Non dimentichiamo che il " problema-donne", perché pare questo il modo in cui veniamo affrontate dall’Amministrazione, non è più procrastinabile. Nell’ultimo quinquennio la presenza femminile nel corpo è triplicata. Senza nulla voler togliere alle colleghe che, usando un gergo militaresco ( haime’!!), siamo solite chiamare " anziane" ( ovviamente riferendoci agli anni di servizio ), colleghe che possiedono un bagaglio di esperienze incommensurabile, non si può non riconoscere che di concerto con l’incremento numerico si è registrato anche un sensibile aumento qualitativo: giovani donne colte, consapevoli del proprio valore e ricettive , che non desiderano certo l’estemporanea ricomparsa di una società amazzonica ", ma pretendono semplicemente il puro riconoscimento del proprio valore sostanziale.

La L. 125/91 sulle pari opportunità ha aperto, finalmente, un varco verso la totale integrazione , ma la nostra Amministrazione, che ha aderito solo di recente al progetto, e sembra superfluo ricordare le vicende rocambolesche per poter arrivare alla formazione di un idoneo comitato nazionale per le pari opportunità, non cita assolutamente, nell’Accordo Quadro Nazionale, previsioni concrete di sostegno.

Discorsi filosofici sembrano rendere possibile l’utopico, ma sono i mezzi oggettivi e pratici, il sostegno finanziario, logistico ed organizzativo, a consentire l’edificazione materiale dell’intento.

L’uomo è stato fornito del dono della parola probabilmente anche per creare poliedriche illusioni, ma è al dono della ragione che si deve fare appello ed alla volontà e forza creativa propria della donna, per trasformare le mere illusioni in proficua realtà, anche perché la mancata adozione di un progetto, intendendo con questo anche tutti gli sforzi necessari per porre in essere le conseguenti previsioni, porta alla decadenza del beneficio.
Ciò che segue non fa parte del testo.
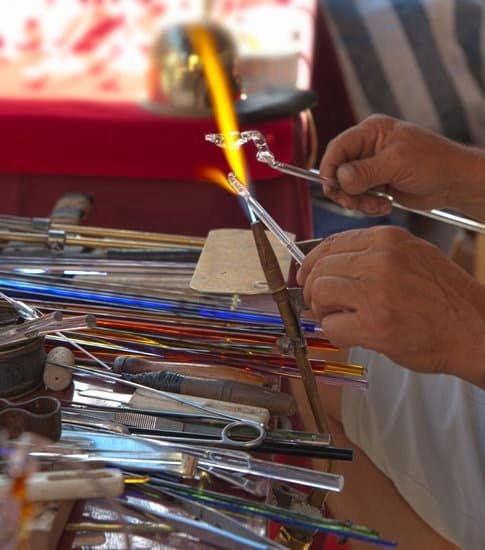 Does Silver-Plated Jewelry Tarnish Does Silver-Plated Jewelry Tarnish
E’ valsa la pena lottare per secoli se ancora oggi ci si lascia sopraffare? Pretendiamo di poterci dedicare alla nostra difesa ed affermazione utilizzando spazi, mezzi e strutture formalmente e sostanzialmente costituiti, e con ciò faccio riferimento anche al sostegno economico, senza dover fare sempre riferimento al sacrificio personale, inficiando ancora una volta gli spazi familiari, o comunque sottratti alla propria vita privata.

In conclusione, ricordiamo ai presenti che nella norma preferiremo la dicitura " donne e uomini appartenenti al corpo di Polizia Penitenziaria ", anziché l’asettica " agenti di Polizia Penitenziaria ", neutra ed impersonale.

Vorremmo che nella nostra Amministrazione la donna crescesse preservando e valorizzando la propria diversità, senza dover essere penalizzata per le proprie peculiarità. Nelle occupazioni tradizionalmente maschili la donna ha sempre teso a difendersi emulando l’uomo, con un risultato talvolta disastroso e , spesso, deludente e mortificante. Noi siamo diverse e diversamente affrontiamo i problemi ed offriamo le soluzioni.

Questa, ricordiamolo, è la nostra forza, non il nostro limite. Dovremmo smetterla di vivere come " rambo castrati "!!!